All the Justices concur.
NOTES
[1] The ordinance at issue was adopted on December 12, 1994, and subsequently amended on November 21, 1995.
[2] Code of Ordinances of the City of Jonesboro, Secs. 3-2-1 through 3-2-28.
[3] Sec. 3-2-1 provides:
For the year 1995 and succeeding years thereafter, an occupation tax is levied, and each person engaged in any business, trade, profession, or occupation in the city, whether with a location in the city or in the case of an out-of-state business with no location in Georgia but exerting substantial efforts within the city or owning real or personal property located within the city from which income is generated pursuant to O.C.G.A. § 48-13-7(b), shall register the business, trade, profession or occupation and shall pay the occupation tax for said business, trade, profession, or occupation; which tax and any applicable occupation tax certificate shall be displayed in a conspicuous place in the place of business, if the taxpayer has a permanent business location in the city.

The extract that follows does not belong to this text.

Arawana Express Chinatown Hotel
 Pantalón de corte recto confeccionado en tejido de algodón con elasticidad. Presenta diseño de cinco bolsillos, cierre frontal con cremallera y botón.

If the taxpayer has no permanent business location in the city, such occupation tax certificate shall be shown to the Business Tax Clerk or this officer's deputies or to any police officer of the city, upon request.
[4] Section 3-2-8.
[5] Sec. 3-2-11 provides in pertinent part:
Said registration and occupation tax shall be due and payable January 1 of each year and shall, if not paid by April 1 of each year, be subject to 10% penalty for delinquency. On any new profession, trade, profession or occupation begun in the city in 1995 or succeeding years thereafter, the registration and tax shall be delinquent if not obtained immediately upon beginning business and a 10% penalty imposed. The occupation tax certificate shall be issued ... and if any person, firm, or corporation whose duty it is to obtain [an] occupation tax certificate shall, after said occupation tax becomes delinquent, transact or offer to transact, in the city, any of the kind of business, profession, trade or occupation subject to this ordinance without having first obtained said certificate, such offender shall, upon conviction by the municipal judge, be punished by a fine not to exceed $200.00, or imprisonment not to exceed 60 days, either or both in the discretion of the judge.
[6] The plaintiffs initially attacked the ordinance on equal protection grounds and that it violated the attorney-client privilege. They obtained a temporary restraining order prohibiting the City from incarcerating them for failing to comply with the ordinance and enjoining it from conducting audits of plaintiffs' records. Plaintiffs' complaint was amended to claim taxation without representation and that the ordinance acted as an unconstitutional regulation of the practice of law. Plaintiffs pursued only the challenge of unconstitutional regulation and voluntarily dismissed the remaining claims.
[7] The City of Jonesboro cites OCGA § 48-13-20 in support of the ordinance's time frames for compliance. However, the statute is not at issue in this case and its general provision for time of payment for fees and taxes is not dispositive on the question of the legality of application of the time frames of the Jonesboro ordinance to the plaintiffs in this case.
[8] The constitutionality of the statutory provision was not raised below and is not challenged in this appeal.
[9] The case was decided without consideration of former Ga.Code Ann. § 91A-6012, now codified in OCGA § 48-13-26(b).